Une grave crise politique, sécuritaire et humanitaire

Dépassé par les violences, le gouvernement haïtien a décrété dimanche l'état d'urgence dans la région de Port-au-Prince "pour une période de 72 heures renouvelable" ainsi qu'"un couvre-feu" entre 18h et 05h locales lundi, mardi et mercredi.

Pays pauvre des Caraïbes, Haïti fait face à une grave crise politique, sécuritaire et humanitaire depuis l'assassinat en 2021 du président Jovenel Moïse, avec un processus politique au point mort.

Les violences ont pris une nouvelle dimension durant le weekend lorsque des gangs armés ont attaqué deux prisons de la capitale, au moment où le Premier ministre Henry se trouvait en visite au Kenya.
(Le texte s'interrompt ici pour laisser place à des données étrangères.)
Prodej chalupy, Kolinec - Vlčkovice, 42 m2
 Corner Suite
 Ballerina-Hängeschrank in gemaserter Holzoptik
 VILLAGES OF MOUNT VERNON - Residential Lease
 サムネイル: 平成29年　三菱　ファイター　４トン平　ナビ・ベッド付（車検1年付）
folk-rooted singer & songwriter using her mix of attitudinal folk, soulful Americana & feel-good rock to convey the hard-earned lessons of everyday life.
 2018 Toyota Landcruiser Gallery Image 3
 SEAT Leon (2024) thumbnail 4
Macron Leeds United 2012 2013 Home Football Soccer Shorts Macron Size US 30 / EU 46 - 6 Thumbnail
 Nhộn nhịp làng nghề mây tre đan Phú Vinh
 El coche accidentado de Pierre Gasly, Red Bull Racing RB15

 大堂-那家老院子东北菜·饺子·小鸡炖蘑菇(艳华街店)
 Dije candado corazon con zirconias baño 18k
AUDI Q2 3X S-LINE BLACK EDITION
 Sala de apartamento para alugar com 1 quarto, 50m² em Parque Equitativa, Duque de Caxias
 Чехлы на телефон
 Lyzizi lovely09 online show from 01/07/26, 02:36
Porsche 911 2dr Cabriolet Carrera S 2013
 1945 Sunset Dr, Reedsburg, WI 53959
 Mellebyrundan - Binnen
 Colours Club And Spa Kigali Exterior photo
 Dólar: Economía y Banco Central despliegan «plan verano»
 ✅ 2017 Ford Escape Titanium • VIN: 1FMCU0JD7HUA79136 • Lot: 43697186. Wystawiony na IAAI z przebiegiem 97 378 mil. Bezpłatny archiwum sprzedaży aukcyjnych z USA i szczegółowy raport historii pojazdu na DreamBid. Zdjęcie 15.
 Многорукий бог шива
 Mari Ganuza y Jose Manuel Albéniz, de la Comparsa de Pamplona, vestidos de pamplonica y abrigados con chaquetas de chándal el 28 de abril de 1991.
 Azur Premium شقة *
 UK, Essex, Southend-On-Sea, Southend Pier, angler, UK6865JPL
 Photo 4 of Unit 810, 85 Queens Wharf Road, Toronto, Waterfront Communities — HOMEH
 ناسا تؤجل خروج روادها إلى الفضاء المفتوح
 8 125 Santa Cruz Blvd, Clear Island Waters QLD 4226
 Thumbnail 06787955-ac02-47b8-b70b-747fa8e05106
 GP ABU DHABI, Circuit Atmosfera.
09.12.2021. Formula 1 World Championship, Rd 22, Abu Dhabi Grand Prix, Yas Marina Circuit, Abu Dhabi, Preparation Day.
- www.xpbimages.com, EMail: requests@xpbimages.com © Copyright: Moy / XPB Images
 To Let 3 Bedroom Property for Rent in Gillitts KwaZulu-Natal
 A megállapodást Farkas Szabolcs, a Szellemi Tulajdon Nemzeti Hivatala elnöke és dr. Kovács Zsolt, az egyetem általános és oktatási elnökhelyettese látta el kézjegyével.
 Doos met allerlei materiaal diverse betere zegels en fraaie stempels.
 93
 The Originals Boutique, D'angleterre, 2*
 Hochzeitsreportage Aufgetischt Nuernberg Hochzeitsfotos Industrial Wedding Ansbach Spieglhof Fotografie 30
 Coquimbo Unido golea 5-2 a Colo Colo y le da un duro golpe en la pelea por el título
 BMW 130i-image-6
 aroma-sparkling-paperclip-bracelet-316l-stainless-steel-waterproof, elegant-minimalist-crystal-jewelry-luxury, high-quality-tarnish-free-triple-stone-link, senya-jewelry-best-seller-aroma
Des personnes marchent les mains sur le visage pour se protéger de la puanteur des corps en décomposition alors qu'elles passent devant le pénitencier national de Port-au-Prince, Haïti, 4 mars 2024.
Des personnes marchent les mains sur le visage pour se protéger de la puanteur des corps en décomposition alors qu'elles passent devant le pénitencier national de Port-au-Prince, Haïti, 4 mars 2024. © Clarens SIFFROY / AFP

Au moins une dizaine de personnes sont mortes durant l'évasion de plusieurs milliers de détenus du Pénitencier national de Port-au-Prince, selon un journaliste de l'AFP. Dix-sept Colombiens détenus pour leur implication présumée dans l'assassinat de Jovenel Moïse ont fait savoir lundi, par la voix de leur avocate, être toujours emprisonnés.

Des membres de gangs "attendaient à l'entrée de la prison pour les exécuter" afin de "rendre justice" au président tué, a assuré Me Sondra Macollins sur la radio colombienne Blu Radio, selon qui ils ont été transférés dans un commissariat de police.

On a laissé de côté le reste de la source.